Problem to work on ▸ Scan the entries below for the string "thumbnail" and copy every line where it turns up.

[Data entries]

######

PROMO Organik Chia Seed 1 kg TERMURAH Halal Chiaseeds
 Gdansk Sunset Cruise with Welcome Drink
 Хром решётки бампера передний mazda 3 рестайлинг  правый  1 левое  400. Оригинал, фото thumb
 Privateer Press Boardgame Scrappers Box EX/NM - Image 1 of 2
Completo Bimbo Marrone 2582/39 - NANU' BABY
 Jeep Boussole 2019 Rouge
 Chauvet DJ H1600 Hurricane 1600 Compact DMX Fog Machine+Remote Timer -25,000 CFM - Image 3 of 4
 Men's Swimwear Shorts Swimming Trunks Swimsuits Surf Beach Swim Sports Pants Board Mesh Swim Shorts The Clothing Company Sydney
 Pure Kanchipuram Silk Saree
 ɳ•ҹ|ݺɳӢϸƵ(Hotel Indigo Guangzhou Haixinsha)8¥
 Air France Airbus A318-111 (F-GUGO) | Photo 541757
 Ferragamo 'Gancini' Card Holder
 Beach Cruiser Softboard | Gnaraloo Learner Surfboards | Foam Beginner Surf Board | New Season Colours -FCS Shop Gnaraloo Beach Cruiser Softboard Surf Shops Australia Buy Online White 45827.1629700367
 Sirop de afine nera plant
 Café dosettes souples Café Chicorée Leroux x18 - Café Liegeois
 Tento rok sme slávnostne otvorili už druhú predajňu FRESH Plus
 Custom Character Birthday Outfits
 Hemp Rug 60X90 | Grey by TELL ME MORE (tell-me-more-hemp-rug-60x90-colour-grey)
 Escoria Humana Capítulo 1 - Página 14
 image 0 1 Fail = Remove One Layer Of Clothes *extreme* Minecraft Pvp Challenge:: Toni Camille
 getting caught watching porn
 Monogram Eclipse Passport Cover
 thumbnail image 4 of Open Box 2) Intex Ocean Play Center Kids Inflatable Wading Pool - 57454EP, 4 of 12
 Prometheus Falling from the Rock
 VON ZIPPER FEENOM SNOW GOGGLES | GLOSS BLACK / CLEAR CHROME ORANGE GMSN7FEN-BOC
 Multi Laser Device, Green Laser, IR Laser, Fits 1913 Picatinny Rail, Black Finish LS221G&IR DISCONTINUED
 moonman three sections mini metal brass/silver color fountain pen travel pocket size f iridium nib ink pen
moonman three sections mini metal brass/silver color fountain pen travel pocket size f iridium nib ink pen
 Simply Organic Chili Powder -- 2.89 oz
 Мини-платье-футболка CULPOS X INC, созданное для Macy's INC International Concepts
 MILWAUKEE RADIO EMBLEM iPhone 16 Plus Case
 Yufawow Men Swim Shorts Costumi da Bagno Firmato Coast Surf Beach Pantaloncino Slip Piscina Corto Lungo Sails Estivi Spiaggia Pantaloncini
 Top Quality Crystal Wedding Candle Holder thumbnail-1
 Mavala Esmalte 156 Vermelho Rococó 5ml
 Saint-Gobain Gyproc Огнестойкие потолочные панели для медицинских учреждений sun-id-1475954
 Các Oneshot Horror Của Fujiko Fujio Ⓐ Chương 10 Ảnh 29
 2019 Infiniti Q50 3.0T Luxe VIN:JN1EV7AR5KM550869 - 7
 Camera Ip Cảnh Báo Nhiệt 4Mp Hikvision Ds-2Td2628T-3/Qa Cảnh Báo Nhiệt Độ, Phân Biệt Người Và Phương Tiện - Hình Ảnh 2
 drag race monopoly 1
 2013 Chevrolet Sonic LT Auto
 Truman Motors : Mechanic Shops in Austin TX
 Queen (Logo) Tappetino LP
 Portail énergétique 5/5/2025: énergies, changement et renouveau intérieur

######

Finished task ▸
 thumbnail image 4 of Open Box 2) Intex Ocean Play Center Kids Inflatable Wading Pool - 57454EP, 4 of 12
 Top Quality Crystal Wedding Candle Holder thumbnail-1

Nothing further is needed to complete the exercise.